Les échos de la résistance : 25 ans après Little Sisters c. Canada
Une librairie devenue champ de bataille
Little Sisters Book and Art Emporium, petite librairie queer de Vancouver, était d’abord un refuge : un lieu où la communauté 2SLGBTQ+ pouvait se reconnaître dans des romans, essais, informations en matière de santé et œuvres artistiques. Pendant plus de dix ans, elle s’est pourtant retrouvée au cœur d’un débat national sur la censure, l’égalité et le pouvoir de l’État. Les douanes canadiennes saisissaient ou interdisaient régulièrement des ouvrages destinés à la librairie sous prétexte d’obscénité—des livres pourtant disponibles dans des circuits hétérosexuels « mainstream ».
En 2000, la Cour suprême du Canada a jugé que ces pratiques violaient les droits garantis par la Charte—la liberté d’expression (art. 2b) et le droit à l’égalité (art. 15(1)). Elle a surtout supprimé la disposition de la Loi sur les douanes qui imposait à l’importateur de prouver que le contenu n’était pas obscène. Désormais, c’est à l’État de démontrer l’obscénité.
La décision n’a pas aboli la possibilité, pour le Canada, de bloquer du matériel réellement obscène, mais elle a rééquilibré le pouvoir en faveur de la liberté d’expression.
Bien plus qu’une simple librairie
Little Sisters, c’était bien plus que des livres. C’était un espace politique, culturel et communautaire qui proposait aussi des textes universitaires, des mémoires, des fanzines et des récits historiques donnant voix à des vies trop souvent effacées. En ciblant la librairie, l’État ne cherchait pas seulement à contrôler des contenus : il contrôlait des identités.
Ce qui rend l’affaire si marquante, c’est qu’elle affirmait que les personnes queer et trans bénéficient des mêmes droits à l’expression, à la dignité et à l’accès à la culture que tout autre citoyen·ne. Elle a créé un précédent sur lequel plusieurs générations ont bâti leur communauté et leur résistance.
La victoire fut toutefois mitigée. En 2006, la librairie est retournée devant la Cour suprême pour demander le paiement anticipé de ses frais juridiques. La Cour refusa, estimant que l’affaire ne satisfaisait pas aux critères d’exception. Cette décision mit pratiquement fin au combat judiciaire, mais l’écho de cette résistance perdure.
Une nouvelle vague de censure ?
Vingt‑cinq ans plus tard, cet écho résonne à nouveau. En juillet 2025, le gouvernement de l’Alberta a annoncé de nouvelles règles visant les ouvrages « sexuellement explicites » dans les bibliothèques scolaires.

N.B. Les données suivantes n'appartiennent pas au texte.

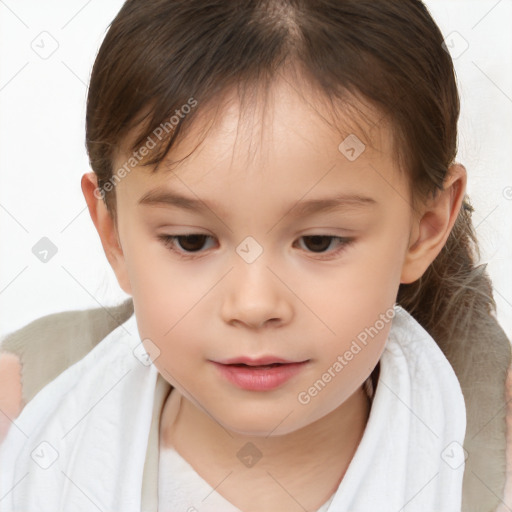 Neutral white child female with short  brown hair and brown eyes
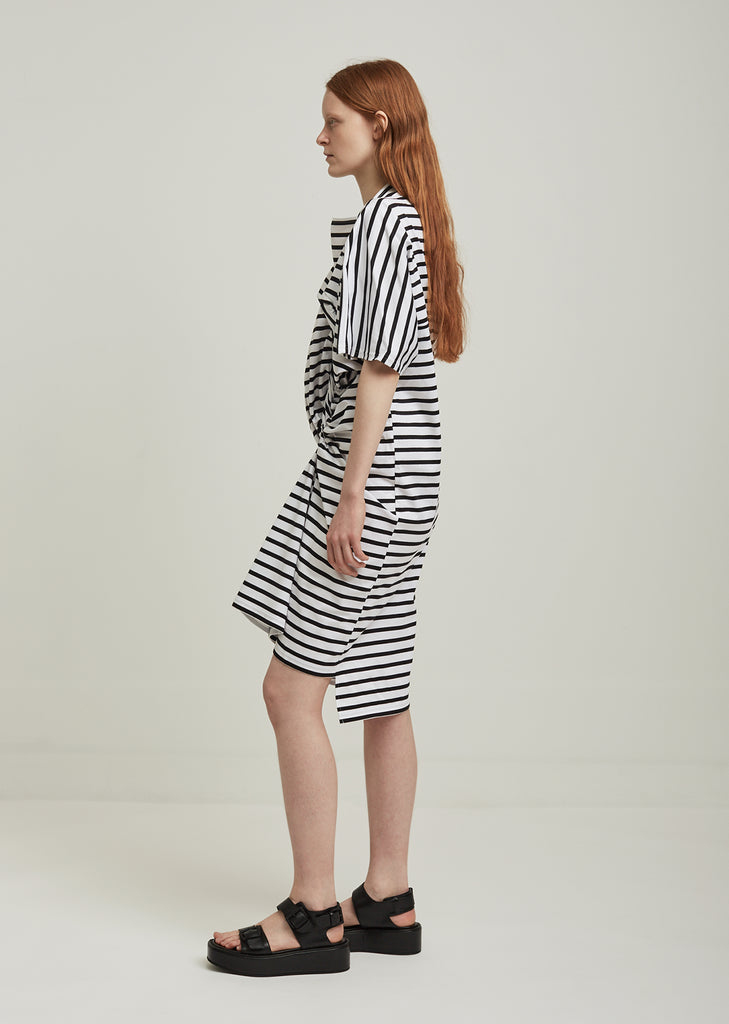 Cotton Jersey Horizontal Stripe Dress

Le ministre de l’Éducation, Demetrios Nicolaides, affirme qu’il ne s’agit pas d’interdiction, mais plusieurs titres visés sont des récits queer ou trans, tels que Gender Queer de Maia Kobabe ou Fun Home d’Alison Bechdel.
Le parallèle est frappant : encore une fois, un gouvernement trace des frontières subjectives entre le « convenable » et l’« inapproprié », et les histoires 2SLGBTQ+ se retrouvent disproportionnellement de l’autre côté de la ligne. La charge de la preuve devient floue, retombant sur les communautés, les enseignant·e·s et les bibliothécaires qui défendent le droit d’exister ouvertement.
Le pouvoir des récits
La décision Little Sisters n’a pas aboli la censure au Canada, mais elle a proclamé : les récits queer et trans comptent, et la lutte pour les raconter librement vaut la peine d’être menée.
En 2025‑26, alors que la Journée rose choisit le thème ECHO pour célébrer ce quart de siècle de résistance, rappelons‑nous : la censure prend de nombreuses formes, mais la résistance aussi. Parce qu’un livre ouvert peut changer des vies—et les meilleures histoires résonnent bien au‑delà de leurs pages.